Quizás, el hallazgo más ocurrente en toda la película tenga que ver con su insistencia por mostrar que esas emociones no sólo tienen una raíz personal (el pavor ante una madre que está a dos suspiros de la muerte). Son también políticas: el protagonista está cansado de un país inmerso en un estado de constante ebullición. Militarizado, obsecuente con la violencia descarnada e intolerante con cualquier atisbo de diferencia (en especial, si se trata del tipo de arte que Y promulga).

El manejo que Lapid logra en aquel punto no es siempre regular. Dedica la segunda mitad del film a relatar un hecho del pasado que resulta impostado y por momentos incongruente con Y. Pero en sus momentos más lúcidos pone toda la orquestación al servicio de una emocionalidad rabiosa. Hay una intensidad invocada a través de los cuerpos, las composiciones de los planos y las explosiones musicales; todos dispuestos para escenificar el hastío de un hombre que se siente expulsado de su propia tierra. Allí, de nuevo, la pertinencia de una estética que no puede hacer pie en un solo lugar.
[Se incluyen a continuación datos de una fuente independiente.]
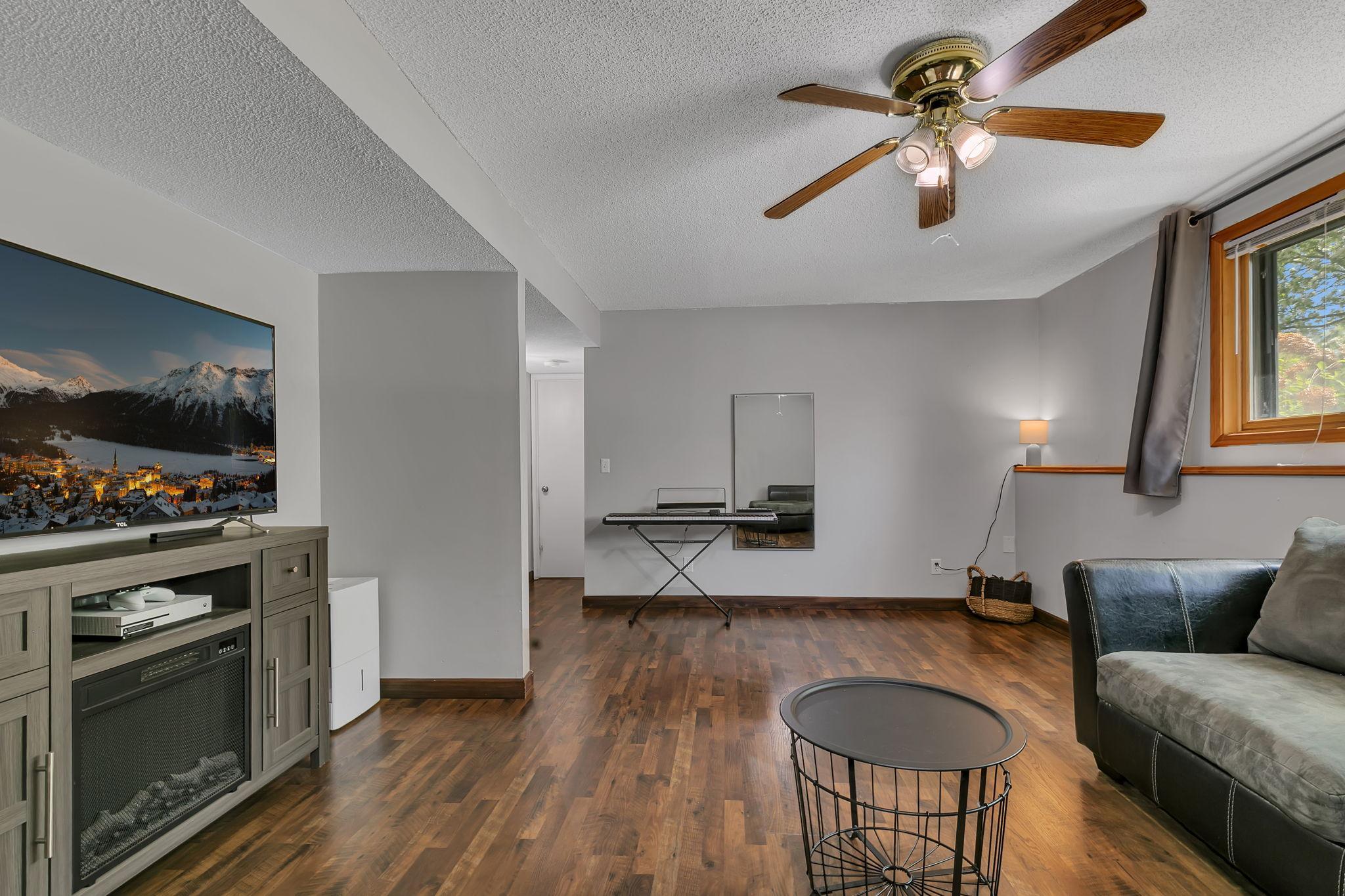 Lower level family room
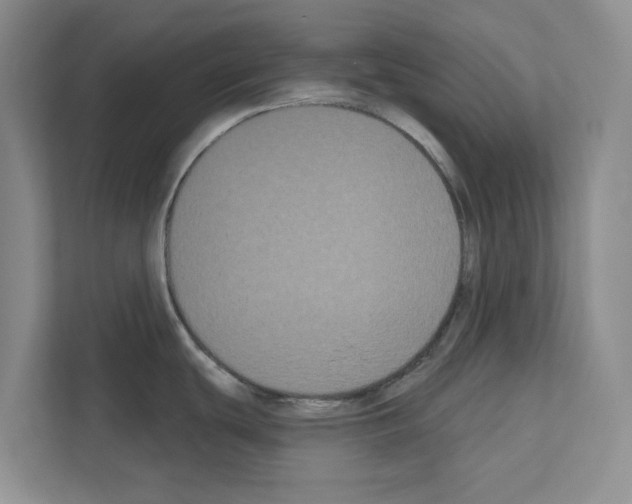 X0000111021439200907310923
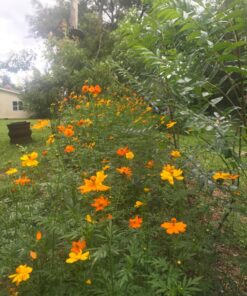 2,000 Seeds of Sulphur Cosmos, Bright Lights Mix by Seeds2Go 29 81Jh1mHebFL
Me acerco al punto final con mi propia dosis de ansiedad: no logré escribir estas palabras sin soltar el teléfono, que me estimula con un sadismo particular. Avisa que el dólar entra en erupción junto a los precios del pan. Que un candidato presidencial viene a proponernos un sueño (¡libre comercio de niños! ¿quién pide más?). Y que Putin ya imagina cortarle la luz a alguna ciudad para inaugurar la Tercera Guerra Mundial.

La ansiedad: certeza final de nuestros tiempos. ¿Podrá alguna imagen rescatarnos de ella?